Did you know that the Bowman Observatory in front of Julian Curtiss School is open to the public on the 2nd and 4th Tuesday of the month when skies are clear? Tuesday, Feb. 11 is a 2nd Tuesday and the forecast is for clear skies. Rick Bria plans to open the observatory for stargazing from 7-9pm.
It’s school vacation week and if you’re looking for something cool to do with the kids, this is fun, educational and free!
In fact, if you’ve never visited the observatory, this is one of the best perks we have in Greenwich.
Rick Bria, who found his passion for astronomy at Greenwich High School back in the 70s, is the designated observatory keyholder and he is the ideal host on open telescope nights.
The Bowman Observatory, with its shiny new dome, turns 73 this year, and, like an heirloom passed from generation to generation, it has a unique story. Situated atop a small knoll outside Julian Curtiss School, the observatory, sited perfectly for star gazing, was constructed 1941 and the adjacent schoolhouse opened in 1946.

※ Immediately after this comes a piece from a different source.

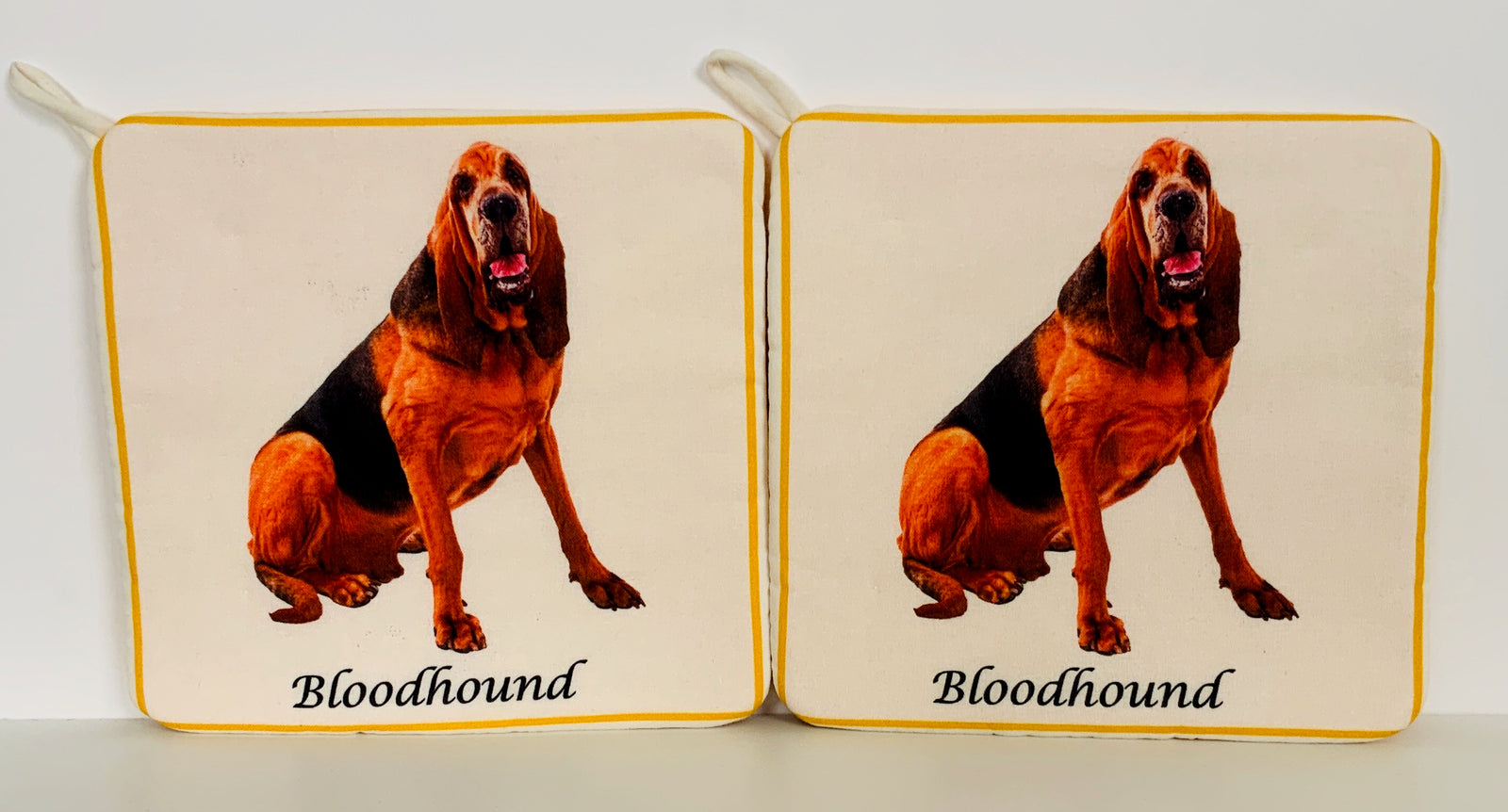 Hot Pads! Bloodhound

Owned by the Board of Education, the observatory is named after, Dr. J. Edgar Bowman, the Greenwich resident who donated the original telescope. The observatory itself was the brainchild of Alden Smith, the science teacher who nurtured the project from dream to reality.

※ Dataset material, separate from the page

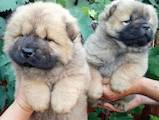 Собаки, щенки Чау-чау, цена 9000 Грн., Фото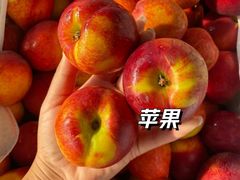 -1982农场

When work began on the observatory in 1941, townspeople guessed it might be a silo or a fort for the war effort. Speculation may have continued for some time, considering the project seems to have stalled a while. In the spring of 1943, nearly two years after ground broke, Greenwich Time published a letter to the Board of Education from the Carpenters Local Union 196 offering their services, for free, to finish construction on the “telescope house.” The same article included the Board of Education’s reply declining the offer, indicating that “on the 15th of March, the Board of Estimate appropriated funds for the completion of the observatory, so your very kind offer is not necessary.”
Much has changed in the field of astronomy in 73 years and many telescopes are operated remotely. Distant stars are often viewed on computer monitors, but nothing replaces the anticipation of walking up the hill on a clear night to the Bowman Observatory.
See you Tuesday night.
The Bowman Observatory is located just inside the north entrance to Julian Curtiss School, 180 East Elm Street.